Michael Wardian, a 48-year-old resident of Arlington, Virginia, on Friday finished running the entire length of the United States, joining the group of fewer than 400 people who are known to have crossed the US on foot.
Along the way, Wardian also collected money for helping families around the world get access to clean drinking water. By the time he was about to complete what he set out to accomplish, he collected more than $100,000 – which will be donated to charitable organization World Vision.
Team Injinji's Mike Wardian has officially completed his #RunningHome project! He traversed the US along Route 50, from San Francisco, CA to Dewey Beach, DE in 62 days, covering 3,234 miles & raising over $100k for clean water initiatives w/ @WorldVision.
Congrats @mikewardian!! pic.twitter.com/C7KUGwyjMv
— Injinji (@injinji) July 1, 2022
Wardian told USA Today that despite the hardships he always felt like he ‘was made to do this’. “This is my jam, for sure,” Wardian was quoted as saying by USA Today.
His feat reminds people of the Tom Hanks-starrer Forrest Gump where the lead character did a similar feat.
Ultramarathon runner and Arlington County resident @mikewardian finished his cross country run at dawn this morning. "It's a huge sense of satisfaction but also exhaustion," he said. Wardian was inspired by Forest Gump's cross country run. "This has been a dream of mine for 20 https://t.co/c5PGxAqReW
— Heather Curtis (@HeatherMCurtis1) July 1, 2022
Wardien’s journey began on May 1 which encompassed 3,234 miles, across 13 states, with more than 132,000 feet in elevation change.
Many ultra-runners have not even attempted such a feat. His target was 75 days but he finished significantly ahead of schedule as he dipped his toes in the Atlantic Ocean off the coast of Delaware.
He told reporters that every single day was filled with adventure.
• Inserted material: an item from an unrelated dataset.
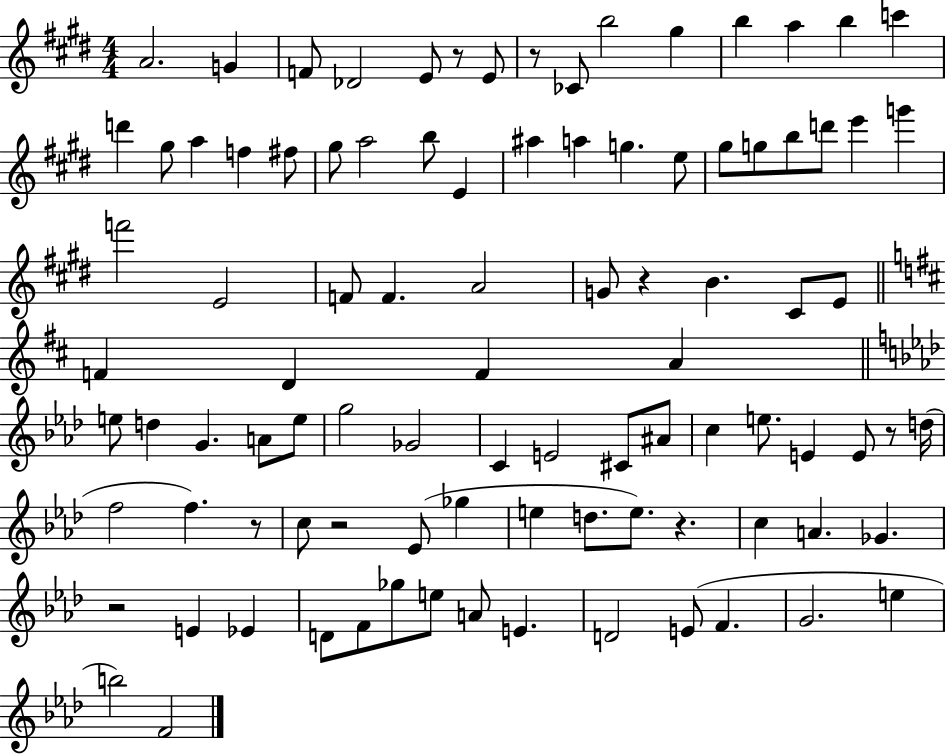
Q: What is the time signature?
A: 4/4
During his journey, 11 and 15 hours a day on the move, covering close to 84 kilometers on an average since he began his adventure. He arranged a Recreational vehicle (RV) where he spent his night.
During most of his runs, he was alone. He was at times accompanied by friends, fellow ultra-runners, weekend joggers but mostly jogged by himself.
The journey was not without pain. It was herniated discs in his back which pushed him to take up this challenge. He suffered from blisters, ran through searing 43.3°C heat in Illinois and ran through snow in Colorado.
This is also not the first time Wardien has accomplished such a feat – an ex-Michigan state lacrosse player Wardien ran seven marathons on seven continents in seven days.
An international ship broker by trade Wardien decided to take a break from his day job and met up with Eric Belz, who helped him by driving the RV and supporting Wardian throughout his journey. Belz in 2016 helped ultramarathoner Karl Meltzer run the Appalachian Trail in record time.
Along with blisters and sores, Wardien said there were some who rolled their car windows to call him an idiot, while truck drivers also tried to nudge him off track but it is the memories of friends he made along the way that he carries with him.
“I’m so Team America right now!,” Wardien said. He said despite the negativity seen across American society, there was remarkable support throughout the way.
Meanwhile other marathoners have marveled at the mental fortitude displayed by Wardien.
“Even most ultra-runners can’t do this in a day, at his pace. He’s sort of that superhuman that can just move,” James Hale, a 42-year-old ultra-runner from Catonsville, Maryland said.